É a integridade absoluta na fé e na virtude. E, portanto, a intransigência
absoluta, sistemática, irredutível, a aversão completa, profunda, diametral a
toda a espécie de erro ou de mal. A santa intransigência na verdade e no bem, é
a ortodoxia, a pureza, enquanto em oposição à heterodoxia e ao mal. Por amar a
Deus sem medida, Nossa Senhora correspondentemente amou de todo o Coração tudo
quanto era de Deus. E porque odiou sem medida o mal, odiou sem medida Satanás,
suas pompas e suas obras, o demônio e a carne. Nossa Senhora da Conceição é
Nossa Senhora da santa intransigência.
Verdadeiro ódio, verdadeiro amor
Por isto, Nossa Senhora rezava sem cessar. E segundo tão razoavelmente
se crê, Ela pedia o advento do Messias, e a graça de ser uma serva daquele que
fosse escolhida para Mãe de Deus.
Pedia o Messias, para que viesse Aquele que poderia fazer brilhar
novamente a justiça na face da Terra, para que se levantasse o Sol divino de
todas as virtudes, espancando por todo o mundo as trevas da impiedade e do
vício.
Nossa Senhora desejava, é certo, que os justos vivendo na Terra
encontrassem na vinda do Messias a realização de seus anseios e de suas
esperanças, que os vacilantes se reanimassem, e que de todos os pauis, de todos
os abismos, almas tocadas pela luz da graça, levantassem voo para os mais altos
píncaros da santidade. Pois estas são por excelência as vitórias de Deus, que é
a Verdade e o Bem, e as derrotas do demônio, que é o chefe de todo erro e de
todo o mal.

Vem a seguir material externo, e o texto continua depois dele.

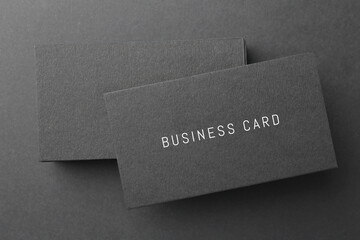 Stack of business cards on black background, top view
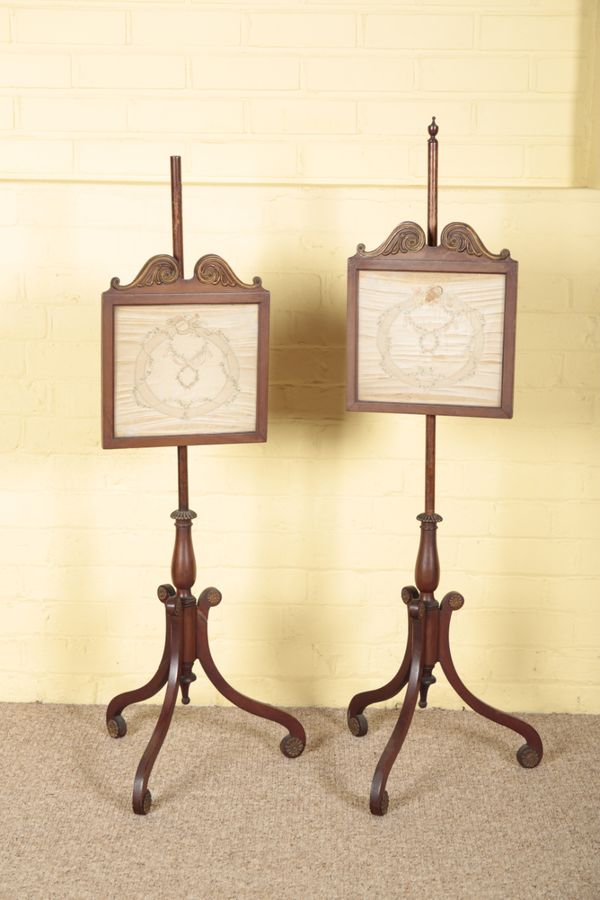 A PAIR OF REGENCY MAHOGANY AND GILT METAL MOUNTED POLE SCREENS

A Virgem queria a glória de Deus por essa justiça que é a
realização na Terra da ordem desejada pelo Criador.
Mas, pedindo a vinda do Messias, Ela não ignorava que este seria a Pedra
de escândalo, pela qual muitos se salvariam e muitos receberiam também o
castigo de seu pecado. Este castigo do pecador irredutível, este esmagamento do
ímpio obcecado e endurecido, Nossa Senhora também o desejou de todo o Coração,
e foi uma das consequências da Redenção e da fundação da Igreja, que Ela
desejou e pediu como ninguém. Ut inimicos Santae Ecclesiae Humiliare digneris,
Te rogamus audi nos, canta a Liturgia. E antes da Liturgia por certo o Coração
Imaculado de Maria já elevou a Deus súplica análoga, pela derrota dos ímpios
irredutíveis. Admirável exemplo de verdadeiro amor, de verdadeiro ódio.
Onipotência suplicante
Deus quer as obras. Ele fundou a Igreja par ao apostolado. Mas acima de
tudo quer a oração. Pois a oração é a condição da fecundidade de todas as
obras. E quer como fruto da oração a virtude.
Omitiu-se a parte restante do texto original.